→ **Data entries**:
_____

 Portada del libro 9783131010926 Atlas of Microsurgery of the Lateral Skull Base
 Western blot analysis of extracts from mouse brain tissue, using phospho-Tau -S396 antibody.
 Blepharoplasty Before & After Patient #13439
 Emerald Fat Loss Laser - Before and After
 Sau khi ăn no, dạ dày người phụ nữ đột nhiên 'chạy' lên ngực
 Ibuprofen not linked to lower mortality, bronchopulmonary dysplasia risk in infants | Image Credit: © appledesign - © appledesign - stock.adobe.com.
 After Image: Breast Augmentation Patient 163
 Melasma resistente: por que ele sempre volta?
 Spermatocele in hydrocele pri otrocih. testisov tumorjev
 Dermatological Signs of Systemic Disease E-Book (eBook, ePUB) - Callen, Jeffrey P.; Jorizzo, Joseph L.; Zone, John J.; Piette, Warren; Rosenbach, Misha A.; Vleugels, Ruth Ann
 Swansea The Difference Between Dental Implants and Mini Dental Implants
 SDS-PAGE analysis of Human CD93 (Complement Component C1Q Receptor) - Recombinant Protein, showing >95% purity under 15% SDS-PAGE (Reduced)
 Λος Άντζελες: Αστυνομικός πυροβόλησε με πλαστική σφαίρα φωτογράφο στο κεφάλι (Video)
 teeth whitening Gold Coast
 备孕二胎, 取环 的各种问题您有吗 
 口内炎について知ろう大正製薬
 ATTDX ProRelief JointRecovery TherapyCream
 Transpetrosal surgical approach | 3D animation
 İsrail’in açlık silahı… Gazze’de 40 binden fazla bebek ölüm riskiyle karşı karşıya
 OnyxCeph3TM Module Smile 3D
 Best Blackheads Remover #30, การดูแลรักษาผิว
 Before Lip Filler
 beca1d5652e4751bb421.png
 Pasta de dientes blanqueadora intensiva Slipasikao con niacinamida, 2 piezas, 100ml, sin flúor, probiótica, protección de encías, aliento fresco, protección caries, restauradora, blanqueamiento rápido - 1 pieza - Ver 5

_____

→ **Instructions to follow**: There is a run of lines above from the one with "Dermatological Signs of" to the one with "Swansea The Difference"; print exactly that run, both ends included, and nothing else.

→ **Expected output**:
 Dermatological Signs of Systemic Disease E-Book (eBook, ePUB) - Callen, Jeffrey P.; Jorizzo, Joseph L.; Zone, John J.; Piette, Warren; Rosenbach, Misha A.; Vleugels, Ruth Ann
 Swansea The Difference Between Dental Implants and Mini Dental Implants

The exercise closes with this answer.